In order to effectively generate the plurality of outline headings from the plurality of linguistically-important texts and with reference to FIG. 8, the following subprocess is executed. A heading classifier is managed by the computing system. The heading classifier is a type of text classifier that is used to separate headings from non-headings. The computing system executes the heading classifier by inputting the linguistically-important texts into heading classifier. In more detail, the heading classifier uses the linguistically-important texts from OCR output and programmatically stitches the linguistically-important texts together into discrete pieces of text called paragraphs. If a paragraph contains multiple sentences, then the paragraph is broken into individual sentences. Each sentence is fed into a language model pre-trained on the domain corpus.

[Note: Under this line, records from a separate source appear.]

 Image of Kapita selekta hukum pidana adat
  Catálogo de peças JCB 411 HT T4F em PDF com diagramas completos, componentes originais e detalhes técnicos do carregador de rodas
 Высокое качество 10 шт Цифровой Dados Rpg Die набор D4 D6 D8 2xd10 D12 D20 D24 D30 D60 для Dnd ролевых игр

In absence of domain specific language model, a publicly available natural language model pre-trained on a general language corpus, such as Wikipedia for English, can be used. The natural language model encodes the input sentence in a dense vector representation which encapsulates the contextual, grammatical, and syntactical features of the sentence. It is important to note that no visual cues, such as bold text, italicized text, font sizes, etc, or position of information, such as left alignment or right alignment to the page, is used in creating the feature vector. The encoded vector is then fed into a neural net “binary” classification layer, which is fine-tuned along with the language model to train the complete classification model. The computing system further executes the heading classifier during Step D by outputting the plurality of outline headings with the heading classifier. In more detail, the heading classifier predicts the plurality of outline headings by separating the linguistically-important texts into headings or non-headings.

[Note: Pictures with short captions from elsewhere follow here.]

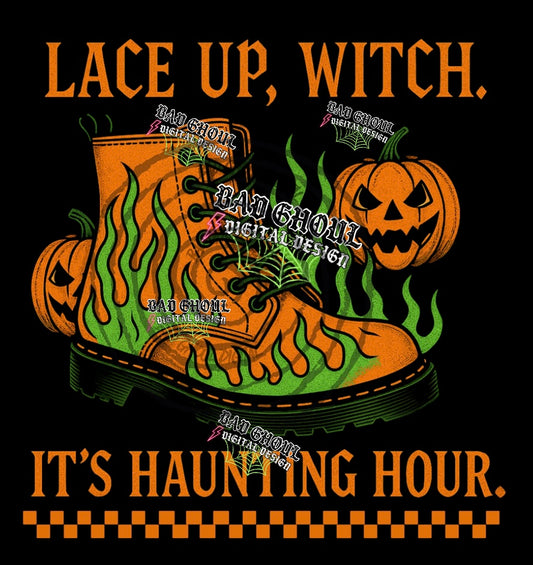 Lace Up Witch Black Fabric PNG DOWNLOAD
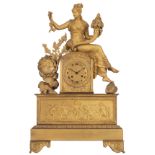 A large and fine ormolu bronze mantle clock, with on top an allegory on 'Lady Fortune', the first ha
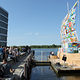 Festmachen im Rostocker Stadthafen anlässlich des MV-Tages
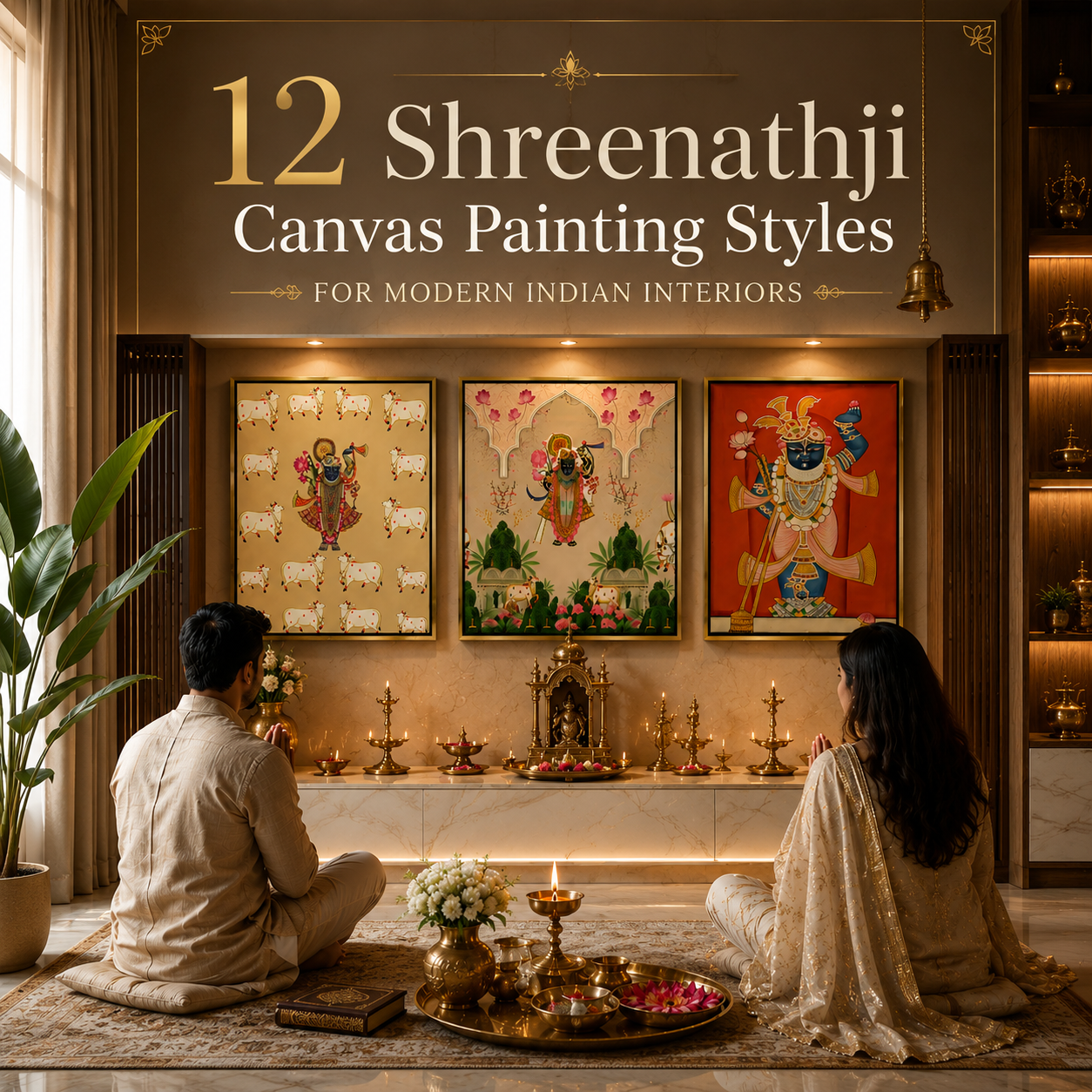 12 Shreenathji Canvas Painting Styles for Modern Indian Interiors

In addition, there are multiple advantages to the heading classifier. The approach is completely independent of the formatting in a document and the computing system performs regardless of the visual formatting in a document. The heading classifier predicts headings even if there are no text visually marked as such through formatting. Also, the present invention does not assume presence of any specific section like a table of content. The present invention works purely based on the text in the document and their grammatical, contextual, and syntactical structure that is encoded into a dense vector representation using a pre-trained natural language model. The present invention has no association with any specific section in the document.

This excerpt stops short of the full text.